• Data records:
☆ ☆ ☆

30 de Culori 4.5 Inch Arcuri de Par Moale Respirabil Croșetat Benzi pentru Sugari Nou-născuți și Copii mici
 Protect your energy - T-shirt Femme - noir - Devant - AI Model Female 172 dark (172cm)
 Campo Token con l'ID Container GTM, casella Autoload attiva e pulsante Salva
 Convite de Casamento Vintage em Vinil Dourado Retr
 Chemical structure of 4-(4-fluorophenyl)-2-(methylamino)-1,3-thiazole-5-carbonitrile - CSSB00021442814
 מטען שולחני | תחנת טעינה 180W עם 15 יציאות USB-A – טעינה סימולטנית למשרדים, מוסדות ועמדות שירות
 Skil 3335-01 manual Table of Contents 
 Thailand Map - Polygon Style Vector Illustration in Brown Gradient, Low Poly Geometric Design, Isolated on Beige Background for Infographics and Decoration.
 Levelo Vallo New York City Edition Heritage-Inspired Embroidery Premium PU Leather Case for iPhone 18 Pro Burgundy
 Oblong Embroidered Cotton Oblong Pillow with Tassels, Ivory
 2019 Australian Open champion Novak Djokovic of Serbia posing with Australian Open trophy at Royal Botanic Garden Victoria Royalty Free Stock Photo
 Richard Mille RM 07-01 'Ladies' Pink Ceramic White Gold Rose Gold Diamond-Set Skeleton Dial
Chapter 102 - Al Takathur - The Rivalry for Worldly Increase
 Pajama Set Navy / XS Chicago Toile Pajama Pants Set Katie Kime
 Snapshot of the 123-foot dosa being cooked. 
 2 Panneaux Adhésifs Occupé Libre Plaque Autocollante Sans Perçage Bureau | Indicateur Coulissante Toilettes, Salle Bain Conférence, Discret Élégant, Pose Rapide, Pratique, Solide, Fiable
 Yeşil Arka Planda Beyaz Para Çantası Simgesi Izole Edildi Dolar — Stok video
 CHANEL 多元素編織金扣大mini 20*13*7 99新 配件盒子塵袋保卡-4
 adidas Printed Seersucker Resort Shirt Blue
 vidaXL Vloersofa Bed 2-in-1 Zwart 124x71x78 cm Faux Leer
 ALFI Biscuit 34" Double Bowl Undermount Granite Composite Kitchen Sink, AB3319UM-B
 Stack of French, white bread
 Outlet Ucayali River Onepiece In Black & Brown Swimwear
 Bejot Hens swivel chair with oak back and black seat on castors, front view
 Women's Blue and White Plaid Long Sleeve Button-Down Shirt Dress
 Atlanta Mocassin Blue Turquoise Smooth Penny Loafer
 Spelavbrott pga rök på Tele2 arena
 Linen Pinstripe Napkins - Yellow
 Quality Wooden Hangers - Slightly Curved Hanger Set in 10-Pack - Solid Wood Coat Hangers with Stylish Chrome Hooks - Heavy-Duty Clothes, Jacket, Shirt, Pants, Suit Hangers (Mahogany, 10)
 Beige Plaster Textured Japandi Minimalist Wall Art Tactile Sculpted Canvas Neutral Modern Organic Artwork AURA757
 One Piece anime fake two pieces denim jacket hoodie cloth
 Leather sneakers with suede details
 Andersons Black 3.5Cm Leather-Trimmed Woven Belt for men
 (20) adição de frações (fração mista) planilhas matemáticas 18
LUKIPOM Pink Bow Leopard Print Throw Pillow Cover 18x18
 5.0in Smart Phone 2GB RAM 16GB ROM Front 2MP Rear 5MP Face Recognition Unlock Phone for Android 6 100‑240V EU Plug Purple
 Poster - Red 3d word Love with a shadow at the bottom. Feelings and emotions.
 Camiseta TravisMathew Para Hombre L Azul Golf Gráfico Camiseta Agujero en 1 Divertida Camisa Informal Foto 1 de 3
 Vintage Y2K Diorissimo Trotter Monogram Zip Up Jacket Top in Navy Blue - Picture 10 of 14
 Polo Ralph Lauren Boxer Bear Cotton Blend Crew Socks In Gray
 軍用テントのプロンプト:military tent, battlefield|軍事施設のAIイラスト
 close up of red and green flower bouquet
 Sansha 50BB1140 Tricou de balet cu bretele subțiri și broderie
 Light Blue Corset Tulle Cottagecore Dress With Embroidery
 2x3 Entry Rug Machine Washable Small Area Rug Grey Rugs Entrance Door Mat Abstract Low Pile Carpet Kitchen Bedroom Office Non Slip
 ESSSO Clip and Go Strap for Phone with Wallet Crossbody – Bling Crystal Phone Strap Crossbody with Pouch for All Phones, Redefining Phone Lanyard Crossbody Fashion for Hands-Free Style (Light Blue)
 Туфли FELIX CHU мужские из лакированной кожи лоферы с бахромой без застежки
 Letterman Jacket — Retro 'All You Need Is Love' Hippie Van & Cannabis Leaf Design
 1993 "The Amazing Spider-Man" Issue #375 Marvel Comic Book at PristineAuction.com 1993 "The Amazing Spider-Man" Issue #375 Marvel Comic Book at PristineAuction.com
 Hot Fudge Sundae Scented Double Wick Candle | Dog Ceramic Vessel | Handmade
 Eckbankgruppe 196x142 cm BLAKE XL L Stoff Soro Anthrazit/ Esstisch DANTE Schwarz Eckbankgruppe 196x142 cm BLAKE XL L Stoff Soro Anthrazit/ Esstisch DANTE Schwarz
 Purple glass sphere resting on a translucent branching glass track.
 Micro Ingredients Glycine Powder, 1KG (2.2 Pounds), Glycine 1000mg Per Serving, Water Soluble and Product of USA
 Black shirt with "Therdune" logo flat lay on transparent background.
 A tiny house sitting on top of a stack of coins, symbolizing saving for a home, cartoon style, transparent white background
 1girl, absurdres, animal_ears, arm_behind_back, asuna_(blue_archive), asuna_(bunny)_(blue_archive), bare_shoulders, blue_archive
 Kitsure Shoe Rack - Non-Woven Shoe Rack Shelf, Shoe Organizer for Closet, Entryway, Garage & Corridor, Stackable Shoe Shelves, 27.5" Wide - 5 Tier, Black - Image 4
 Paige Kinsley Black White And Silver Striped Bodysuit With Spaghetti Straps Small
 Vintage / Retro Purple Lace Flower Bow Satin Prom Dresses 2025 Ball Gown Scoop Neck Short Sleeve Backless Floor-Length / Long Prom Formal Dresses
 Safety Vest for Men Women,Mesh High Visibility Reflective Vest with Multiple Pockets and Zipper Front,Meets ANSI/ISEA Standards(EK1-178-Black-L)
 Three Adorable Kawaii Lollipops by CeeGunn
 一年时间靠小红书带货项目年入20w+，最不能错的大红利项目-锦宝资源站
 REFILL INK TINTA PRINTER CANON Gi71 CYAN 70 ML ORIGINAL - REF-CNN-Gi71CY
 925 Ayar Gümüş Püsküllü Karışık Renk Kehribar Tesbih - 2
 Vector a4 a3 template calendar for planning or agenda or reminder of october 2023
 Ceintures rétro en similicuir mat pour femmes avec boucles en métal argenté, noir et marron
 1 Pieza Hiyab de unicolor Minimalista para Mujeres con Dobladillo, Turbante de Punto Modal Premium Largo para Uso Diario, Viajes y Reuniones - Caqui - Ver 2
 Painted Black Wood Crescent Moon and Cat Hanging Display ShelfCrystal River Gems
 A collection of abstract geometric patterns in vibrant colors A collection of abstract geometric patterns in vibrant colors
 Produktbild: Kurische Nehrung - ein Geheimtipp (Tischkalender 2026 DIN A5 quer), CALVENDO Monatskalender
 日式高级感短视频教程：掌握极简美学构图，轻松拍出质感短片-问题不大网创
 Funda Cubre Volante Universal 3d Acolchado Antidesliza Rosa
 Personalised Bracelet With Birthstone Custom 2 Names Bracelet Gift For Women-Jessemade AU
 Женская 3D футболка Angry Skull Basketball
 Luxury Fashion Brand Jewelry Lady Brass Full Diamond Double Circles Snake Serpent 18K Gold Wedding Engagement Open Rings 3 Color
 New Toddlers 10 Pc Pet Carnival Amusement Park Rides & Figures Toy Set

☆ ☆ ☆

• WHAT IS REQUIRED:
Starting at the line above that contains "Kitsure Shoe Rack", repeat each line exactly up to and including the line that contains "Vintage / Retro", and stop there.

• EXERCISE OUTPUT:
 Kitsure Shoe Rack - Non-Woven Shoe Rack Shelf, Shoe Organizer for Closet, Entryway, Garage & Corridor, Stackable Shoe Shelves, 27.5" Wide - 5 Tier, Black - Image 4
 Paige Kinsley Black White And Silver Striped Bodysuit With Spaghetti Straps Small
 Vintage / Retro Purple Lace Flower Bow Satin Prom Dresses 2025 Ball Gown Scoop Neck Short Sleeve Backless Floor-Length / Long Prom Formal Dresses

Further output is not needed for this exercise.